[Japan's "Yattoko" and India's "Pakkad"]
A yattoko pot is so called because the edge of the pot is grasped and held with pliers-like scissors called "yattoko." In Japan, there is a professional image of it generally used by Japanese restaurants. As a matter of fact, Indian households also use pots without handles in the same way, grabbing them with a pot grabber called "pakkad." Without a pot handle to break, both of these tools can be used for a lifetime if taken care of.
The feature of the yattoko pot is that it does not have the handle of a yukihira pot. This allows for even heat distribution, no worries about the handle burning on high heat, and it is stackable, making storage space compact. It can be used in layers to boil water, and can also be used as a bowl.
Aluminum is a light material that conducts heat well, making it easy to cook with and ideal for daily use. However, since it does not blend well with oil and burns easily, it is effective to boil rice water or vegetable scraps in a pot with water before use. And it is vulnerable to acids and alkalis, causing the surface of the aluminum to react with minerals in the water and turn black. Darkening is said to be harmless to the human body, but can be removed by boiling with acidic foods (vinegar, lemon, dried plums, apples) or citric acid.
How about using Pincers Pot from Kiya, a reliable cutlery shop established in 1792 and a provider of tools for daily life, as a lifelong tool for your family?
*The first three photos show Indian aluminum pots and pakkads.
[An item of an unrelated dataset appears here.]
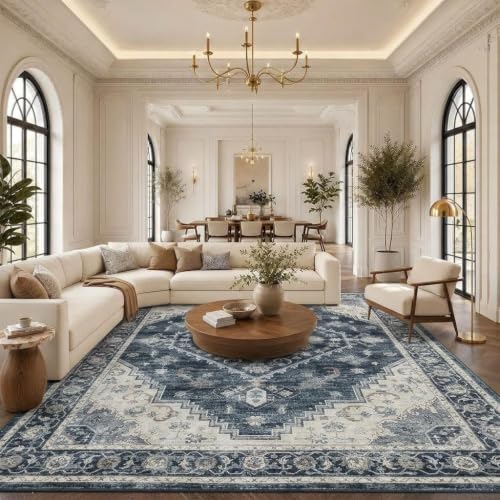 Garvee Navy Blue Boho 10x13 Area Rugs for Living Room Bedroom - color: Navy Blue, size: 10' x 13' (Rectangular)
The pots are also available in different sizes, just like the yattoko pots. The curry is a chickpea curry. Please refer to the end of the article for the recipe.
*To remove darkening on aluminum pots and pans, put a sliced lemon, 2 tbsp of vinegar, peeled apple peel, 2 tsp of citric acid (most effective) and water in a pot, bring to a boil and boil for 15 minutes, then wash off with a soft sponge.